24 września 2011, 11:15
Od poniedziałku startuję z dietą Dukana wszyscy moim znajomi bardzo ją zachwalają, postanowiłam więc też spróbować. Macie może jakieś rady dla mnie? A może ktoś się przyłączy ?
- Dołączył: 2011-09-13
- Miasto:
- Liczba postów: 1702
9 grudnia 2011, 21:54
chcebyc hhehe 99,9% dukanowy hehe
a wlasnie, napisz jak robisz te dukanowa pizze ??
10 grudnia 2011, 09:42
Właśnie umieściłam przepis w pamiętniku.
- Dołączył: 2011-09-13
- Miasto:
- Liczba postów: 1702
10 grudnia 2011, 15:44
heheh w pamietniku ?????? o ranyyy musze isc i sprawdzac teraz nooooooo dobraaaaaaaaaaaaa trudnooo
- Dołączył: 2011-11-25
- Miasto:
- Liczba postów: 74
11 grudnia 2011, 11:46
Czesc dziewczyny. 3 dni pod rzad mialam te sama wage wiec wzielam lekki srodek przeczyszczajacy i mam o 600g mniej.

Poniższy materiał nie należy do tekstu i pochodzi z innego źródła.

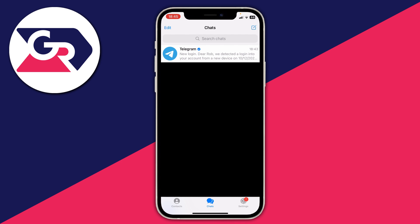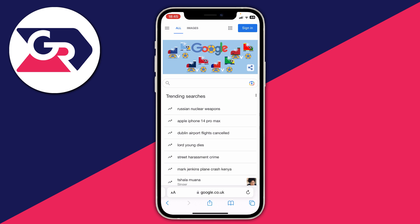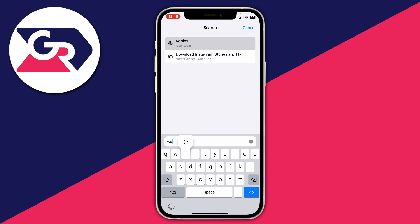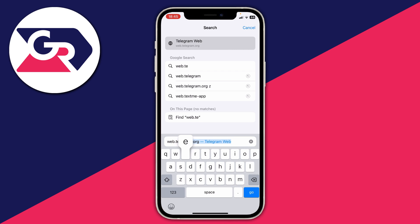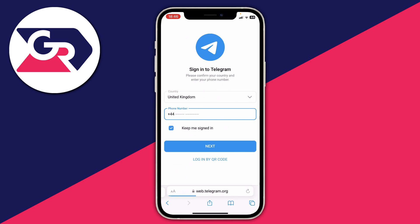What you'll need to do is open up your browser — that could be Google Chrome, Safari, literally any browser — and then come down to the search bar or URL bar and type in web.telegram.org exactly like that, then press go.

Te zaparcia mnie doprowadza do szalu. Jem otreby codziennie, jak akurat mam warzywka, to staram sie jesc te, ktore zawieraja jak najwiecej blonnika, a i tak bez efektu. Katastrofa. Poradzcie mi, ktory "system" jest najlepszy: ja teraz, na II fazie robie 5/5, ale zastanawiam sie, czy nie byloby lepiej np. 3/3. Te 5 dni bialek mnie meczy. No i zapycha mi chyba jelita. Trzymajcie sie, milej niedzieli.
11 grudnia 2011, 18:32
Ja idę systemem 3/3. Z toaletą jest różnie. Jak jem otręby (piekę z nich chlebek, bo inaczej mi nie wchodzą) i piję duuużo wody to załatwiam się codziennie. Ale jak nie mam chlebka to i 3 dni potrafię się nie wypróżniać.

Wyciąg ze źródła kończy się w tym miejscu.